WHAT YOU HAVE TO DO:
From the data below, copy each line that includes the word "Crossbody".

AVAILABLE DATA:
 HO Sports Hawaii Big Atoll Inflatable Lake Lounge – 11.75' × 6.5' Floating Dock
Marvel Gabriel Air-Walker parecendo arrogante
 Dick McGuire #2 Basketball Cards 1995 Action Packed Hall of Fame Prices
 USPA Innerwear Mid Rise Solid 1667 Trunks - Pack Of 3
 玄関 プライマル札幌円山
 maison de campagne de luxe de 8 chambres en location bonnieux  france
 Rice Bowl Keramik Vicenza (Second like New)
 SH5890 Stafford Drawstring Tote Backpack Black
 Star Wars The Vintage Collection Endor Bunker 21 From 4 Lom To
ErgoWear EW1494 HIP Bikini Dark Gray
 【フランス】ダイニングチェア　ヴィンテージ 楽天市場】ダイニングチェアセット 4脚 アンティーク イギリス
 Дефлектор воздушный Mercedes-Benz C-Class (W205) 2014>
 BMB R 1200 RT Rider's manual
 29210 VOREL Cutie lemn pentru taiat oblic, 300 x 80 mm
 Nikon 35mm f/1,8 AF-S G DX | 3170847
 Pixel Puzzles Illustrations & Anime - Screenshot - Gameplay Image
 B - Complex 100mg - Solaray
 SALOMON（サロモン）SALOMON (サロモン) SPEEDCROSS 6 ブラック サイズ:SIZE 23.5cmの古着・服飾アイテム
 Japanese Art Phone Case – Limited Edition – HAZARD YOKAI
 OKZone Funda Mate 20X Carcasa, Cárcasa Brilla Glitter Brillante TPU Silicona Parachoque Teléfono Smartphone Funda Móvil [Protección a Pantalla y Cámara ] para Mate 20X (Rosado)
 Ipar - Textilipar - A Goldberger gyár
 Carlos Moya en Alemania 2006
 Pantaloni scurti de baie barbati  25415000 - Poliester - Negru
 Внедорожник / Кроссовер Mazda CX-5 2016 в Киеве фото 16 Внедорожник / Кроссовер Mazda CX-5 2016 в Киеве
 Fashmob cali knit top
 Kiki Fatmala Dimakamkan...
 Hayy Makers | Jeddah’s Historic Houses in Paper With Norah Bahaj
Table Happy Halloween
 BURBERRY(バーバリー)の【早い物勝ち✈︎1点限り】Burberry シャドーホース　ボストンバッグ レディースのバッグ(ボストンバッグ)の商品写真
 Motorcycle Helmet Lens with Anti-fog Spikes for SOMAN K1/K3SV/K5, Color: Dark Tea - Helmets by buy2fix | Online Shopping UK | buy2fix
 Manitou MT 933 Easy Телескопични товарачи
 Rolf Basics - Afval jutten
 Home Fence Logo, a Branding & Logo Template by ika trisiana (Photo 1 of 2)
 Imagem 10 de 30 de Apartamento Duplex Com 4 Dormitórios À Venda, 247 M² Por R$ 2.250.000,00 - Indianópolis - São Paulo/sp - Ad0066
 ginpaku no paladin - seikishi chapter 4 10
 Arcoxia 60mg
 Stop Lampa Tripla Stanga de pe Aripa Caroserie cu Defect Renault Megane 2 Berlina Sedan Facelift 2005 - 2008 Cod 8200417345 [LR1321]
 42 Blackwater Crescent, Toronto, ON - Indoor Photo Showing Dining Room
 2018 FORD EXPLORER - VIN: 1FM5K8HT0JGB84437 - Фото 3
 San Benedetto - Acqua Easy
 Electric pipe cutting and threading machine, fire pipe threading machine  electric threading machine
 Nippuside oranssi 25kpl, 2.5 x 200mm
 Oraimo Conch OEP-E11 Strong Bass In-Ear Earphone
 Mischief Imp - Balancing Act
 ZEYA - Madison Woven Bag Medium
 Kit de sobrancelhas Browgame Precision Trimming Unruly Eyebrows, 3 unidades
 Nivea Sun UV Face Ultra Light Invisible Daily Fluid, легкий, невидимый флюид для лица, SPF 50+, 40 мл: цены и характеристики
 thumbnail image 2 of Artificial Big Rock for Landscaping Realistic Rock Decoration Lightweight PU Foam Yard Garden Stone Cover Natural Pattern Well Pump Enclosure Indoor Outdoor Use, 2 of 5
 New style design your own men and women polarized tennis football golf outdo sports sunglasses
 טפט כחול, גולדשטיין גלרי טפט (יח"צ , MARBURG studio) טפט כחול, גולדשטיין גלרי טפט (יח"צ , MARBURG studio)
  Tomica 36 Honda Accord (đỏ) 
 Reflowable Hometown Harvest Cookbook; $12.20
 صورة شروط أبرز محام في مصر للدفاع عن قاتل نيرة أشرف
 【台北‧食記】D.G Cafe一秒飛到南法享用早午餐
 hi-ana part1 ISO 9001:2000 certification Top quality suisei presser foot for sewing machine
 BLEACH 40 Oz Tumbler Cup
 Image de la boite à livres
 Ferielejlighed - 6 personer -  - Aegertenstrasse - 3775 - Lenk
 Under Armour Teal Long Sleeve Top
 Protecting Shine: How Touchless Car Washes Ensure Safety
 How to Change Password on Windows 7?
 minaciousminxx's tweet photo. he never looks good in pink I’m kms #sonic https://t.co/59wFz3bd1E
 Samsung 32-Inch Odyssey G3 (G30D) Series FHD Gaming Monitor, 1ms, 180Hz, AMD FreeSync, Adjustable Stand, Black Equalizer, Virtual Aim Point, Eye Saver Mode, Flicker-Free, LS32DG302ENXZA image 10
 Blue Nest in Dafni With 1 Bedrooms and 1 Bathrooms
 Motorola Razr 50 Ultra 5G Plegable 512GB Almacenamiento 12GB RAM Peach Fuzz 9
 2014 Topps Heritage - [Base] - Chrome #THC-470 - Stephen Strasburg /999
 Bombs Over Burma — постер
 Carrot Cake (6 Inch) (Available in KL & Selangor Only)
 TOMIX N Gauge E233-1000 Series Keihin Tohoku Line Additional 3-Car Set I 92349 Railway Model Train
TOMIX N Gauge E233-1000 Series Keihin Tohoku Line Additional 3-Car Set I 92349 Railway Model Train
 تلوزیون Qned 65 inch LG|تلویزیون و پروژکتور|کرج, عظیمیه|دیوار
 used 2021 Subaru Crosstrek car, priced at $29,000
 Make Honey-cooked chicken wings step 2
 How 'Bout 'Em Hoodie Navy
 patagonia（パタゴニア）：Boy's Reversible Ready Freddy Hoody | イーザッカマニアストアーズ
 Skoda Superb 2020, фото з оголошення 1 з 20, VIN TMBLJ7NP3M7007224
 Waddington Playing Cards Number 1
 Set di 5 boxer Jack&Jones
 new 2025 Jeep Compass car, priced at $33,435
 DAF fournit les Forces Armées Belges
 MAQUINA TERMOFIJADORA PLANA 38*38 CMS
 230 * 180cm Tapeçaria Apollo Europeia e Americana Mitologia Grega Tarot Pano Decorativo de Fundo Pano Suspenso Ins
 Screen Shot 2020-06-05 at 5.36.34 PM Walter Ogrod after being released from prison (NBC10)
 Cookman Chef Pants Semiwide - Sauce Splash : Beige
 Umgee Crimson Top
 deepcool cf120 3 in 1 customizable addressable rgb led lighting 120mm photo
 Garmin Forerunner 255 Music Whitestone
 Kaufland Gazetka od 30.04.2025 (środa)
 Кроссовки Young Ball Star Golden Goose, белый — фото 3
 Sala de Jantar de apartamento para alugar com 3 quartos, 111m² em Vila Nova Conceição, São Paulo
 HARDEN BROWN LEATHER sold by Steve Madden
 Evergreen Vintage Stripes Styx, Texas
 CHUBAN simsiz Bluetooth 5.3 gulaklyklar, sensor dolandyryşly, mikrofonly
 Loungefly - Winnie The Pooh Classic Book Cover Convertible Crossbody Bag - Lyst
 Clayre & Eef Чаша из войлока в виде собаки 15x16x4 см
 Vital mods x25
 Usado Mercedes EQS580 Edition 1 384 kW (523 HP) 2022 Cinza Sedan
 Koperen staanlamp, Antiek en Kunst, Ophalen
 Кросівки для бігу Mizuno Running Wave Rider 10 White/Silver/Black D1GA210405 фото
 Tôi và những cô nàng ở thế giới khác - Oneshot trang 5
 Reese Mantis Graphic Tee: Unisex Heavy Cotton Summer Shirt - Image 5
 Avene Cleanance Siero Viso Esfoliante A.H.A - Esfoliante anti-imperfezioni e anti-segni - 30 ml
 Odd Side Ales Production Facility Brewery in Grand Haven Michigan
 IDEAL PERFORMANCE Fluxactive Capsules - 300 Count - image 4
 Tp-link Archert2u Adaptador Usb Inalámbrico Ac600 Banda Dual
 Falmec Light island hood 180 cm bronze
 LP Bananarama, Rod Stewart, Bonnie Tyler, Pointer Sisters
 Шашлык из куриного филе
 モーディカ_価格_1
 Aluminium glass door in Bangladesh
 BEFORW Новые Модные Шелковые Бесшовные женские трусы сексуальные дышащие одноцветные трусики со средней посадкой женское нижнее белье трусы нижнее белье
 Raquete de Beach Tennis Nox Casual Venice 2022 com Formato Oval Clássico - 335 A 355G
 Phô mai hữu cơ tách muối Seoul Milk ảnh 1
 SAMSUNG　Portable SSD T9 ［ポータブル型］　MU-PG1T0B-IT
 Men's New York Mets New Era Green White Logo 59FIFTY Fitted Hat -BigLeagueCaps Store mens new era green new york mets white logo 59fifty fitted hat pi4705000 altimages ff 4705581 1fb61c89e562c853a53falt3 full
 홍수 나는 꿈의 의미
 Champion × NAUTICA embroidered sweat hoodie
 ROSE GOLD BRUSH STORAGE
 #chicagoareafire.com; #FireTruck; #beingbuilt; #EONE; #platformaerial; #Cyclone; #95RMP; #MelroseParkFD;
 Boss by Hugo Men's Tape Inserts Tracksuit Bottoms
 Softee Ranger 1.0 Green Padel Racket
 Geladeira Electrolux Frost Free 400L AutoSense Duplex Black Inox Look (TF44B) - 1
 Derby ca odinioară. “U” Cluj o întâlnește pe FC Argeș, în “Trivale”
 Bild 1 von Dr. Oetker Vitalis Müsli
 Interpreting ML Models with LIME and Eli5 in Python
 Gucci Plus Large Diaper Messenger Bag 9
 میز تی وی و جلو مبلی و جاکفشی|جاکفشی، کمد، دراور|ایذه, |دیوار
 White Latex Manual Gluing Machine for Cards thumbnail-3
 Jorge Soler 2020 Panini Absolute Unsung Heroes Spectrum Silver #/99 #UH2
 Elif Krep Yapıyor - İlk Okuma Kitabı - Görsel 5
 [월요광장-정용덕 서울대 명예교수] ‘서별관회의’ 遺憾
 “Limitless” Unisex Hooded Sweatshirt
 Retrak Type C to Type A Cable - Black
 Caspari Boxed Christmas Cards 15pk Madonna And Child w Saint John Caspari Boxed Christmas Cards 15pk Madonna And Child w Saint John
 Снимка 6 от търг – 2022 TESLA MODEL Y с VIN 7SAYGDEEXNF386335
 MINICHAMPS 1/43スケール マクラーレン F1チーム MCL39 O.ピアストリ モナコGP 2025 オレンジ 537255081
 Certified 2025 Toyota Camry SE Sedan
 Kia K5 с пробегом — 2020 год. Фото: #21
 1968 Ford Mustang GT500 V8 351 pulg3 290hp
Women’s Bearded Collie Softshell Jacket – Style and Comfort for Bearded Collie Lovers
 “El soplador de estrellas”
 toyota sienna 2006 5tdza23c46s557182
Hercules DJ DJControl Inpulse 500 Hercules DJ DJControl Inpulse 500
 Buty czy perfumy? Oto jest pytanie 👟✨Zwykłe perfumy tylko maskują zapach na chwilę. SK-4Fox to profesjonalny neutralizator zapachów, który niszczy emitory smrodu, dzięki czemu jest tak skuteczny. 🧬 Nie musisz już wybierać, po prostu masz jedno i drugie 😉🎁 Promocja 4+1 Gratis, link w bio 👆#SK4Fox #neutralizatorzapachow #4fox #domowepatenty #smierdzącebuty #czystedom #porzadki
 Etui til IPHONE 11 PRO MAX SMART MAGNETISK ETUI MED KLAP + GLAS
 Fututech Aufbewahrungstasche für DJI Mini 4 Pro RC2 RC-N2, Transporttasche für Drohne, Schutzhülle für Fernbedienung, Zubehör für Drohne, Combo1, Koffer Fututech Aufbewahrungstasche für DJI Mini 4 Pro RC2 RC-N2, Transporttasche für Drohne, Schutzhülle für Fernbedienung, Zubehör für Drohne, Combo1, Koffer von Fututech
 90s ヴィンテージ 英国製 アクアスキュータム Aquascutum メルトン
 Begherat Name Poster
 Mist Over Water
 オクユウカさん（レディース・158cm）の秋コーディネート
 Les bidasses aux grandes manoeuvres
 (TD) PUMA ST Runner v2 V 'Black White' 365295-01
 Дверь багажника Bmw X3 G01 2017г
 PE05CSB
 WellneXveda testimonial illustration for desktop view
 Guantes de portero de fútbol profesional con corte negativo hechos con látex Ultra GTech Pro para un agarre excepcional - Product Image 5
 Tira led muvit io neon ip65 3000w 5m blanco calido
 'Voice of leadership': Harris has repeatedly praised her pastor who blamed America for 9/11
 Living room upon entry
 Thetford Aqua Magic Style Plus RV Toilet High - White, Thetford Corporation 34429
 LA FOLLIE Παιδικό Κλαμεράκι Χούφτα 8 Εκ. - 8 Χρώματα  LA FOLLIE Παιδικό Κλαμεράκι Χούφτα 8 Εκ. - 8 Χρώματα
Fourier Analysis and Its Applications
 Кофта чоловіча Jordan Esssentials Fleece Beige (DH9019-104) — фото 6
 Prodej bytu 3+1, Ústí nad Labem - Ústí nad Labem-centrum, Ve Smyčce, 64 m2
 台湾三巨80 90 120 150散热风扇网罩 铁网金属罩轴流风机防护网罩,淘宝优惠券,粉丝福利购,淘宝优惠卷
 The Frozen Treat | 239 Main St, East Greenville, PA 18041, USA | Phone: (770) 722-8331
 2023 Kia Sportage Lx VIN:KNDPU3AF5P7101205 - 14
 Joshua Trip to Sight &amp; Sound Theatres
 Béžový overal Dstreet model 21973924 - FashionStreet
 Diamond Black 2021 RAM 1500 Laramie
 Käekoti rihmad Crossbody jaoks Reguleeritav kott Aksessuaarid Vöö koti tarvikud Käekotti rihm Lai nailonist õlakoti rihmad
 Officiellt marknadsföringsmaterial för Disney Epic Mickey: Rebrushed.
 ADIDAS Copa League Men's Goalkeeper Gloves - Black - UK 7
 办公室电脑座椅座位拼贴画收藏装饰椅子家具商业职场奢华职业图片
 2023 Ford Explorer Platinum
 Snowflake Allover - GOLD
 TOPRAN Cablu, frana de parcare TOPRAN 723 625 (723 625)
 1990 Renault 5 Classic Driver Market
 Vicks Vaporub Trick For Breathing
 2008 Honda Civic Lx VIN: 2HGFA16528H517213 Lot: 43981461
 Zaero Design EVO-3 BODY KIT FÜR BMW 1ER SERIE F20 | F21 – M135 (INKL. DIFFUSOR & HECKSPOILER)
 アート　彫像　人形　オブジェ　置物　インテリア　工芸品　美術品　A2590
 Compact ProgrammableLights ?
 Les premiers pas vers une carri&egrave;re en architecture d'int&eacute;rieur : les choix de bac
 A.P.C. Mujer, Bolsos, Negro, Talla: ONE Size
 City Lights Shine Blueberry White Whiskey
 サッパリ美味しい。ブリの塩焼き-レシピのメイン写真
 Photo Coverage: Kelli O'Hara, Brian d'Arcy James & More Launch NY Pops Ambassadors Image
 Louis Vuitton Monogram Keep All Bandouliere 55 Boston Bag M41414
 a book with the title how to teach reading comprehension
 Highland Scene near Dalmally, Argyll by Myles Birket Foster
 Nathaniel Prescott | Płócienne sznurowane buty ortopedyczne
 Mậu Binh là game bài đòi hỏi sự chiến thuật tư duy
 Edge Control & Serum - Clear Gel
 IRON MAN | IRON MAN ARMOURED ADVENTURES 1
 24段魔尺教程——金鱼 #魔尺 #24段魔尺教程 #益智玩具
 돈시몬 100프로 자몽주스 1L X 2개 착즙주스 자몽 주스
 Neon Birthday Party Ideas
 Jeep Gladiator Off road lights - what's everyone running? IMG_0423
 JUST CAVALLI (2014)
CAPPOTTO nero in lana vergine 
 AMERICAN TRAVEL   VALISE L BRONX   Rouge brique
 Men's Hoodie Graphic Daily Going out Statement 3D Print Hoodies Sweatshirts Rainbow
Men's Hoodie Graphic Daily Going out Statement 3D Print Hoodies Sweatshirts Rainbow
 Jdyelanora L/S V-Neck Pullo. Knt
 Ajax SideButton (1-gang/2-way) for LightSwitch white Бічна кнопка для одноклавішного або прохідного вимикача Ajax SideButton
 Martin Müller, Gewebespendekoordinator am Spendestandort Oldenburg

SOLUTION TO THIS EXERCISE:
 Loungefly - Winnie The Pooh Classic Book Cover Convertible Crossbody Bag - Lyst
 Käekoti rihmad Crossbody jaoks Reguleeritav kott Aksessuaarid Vöö koti tarvikud Käekotti rihm Lai nailonist õlakoti rihmad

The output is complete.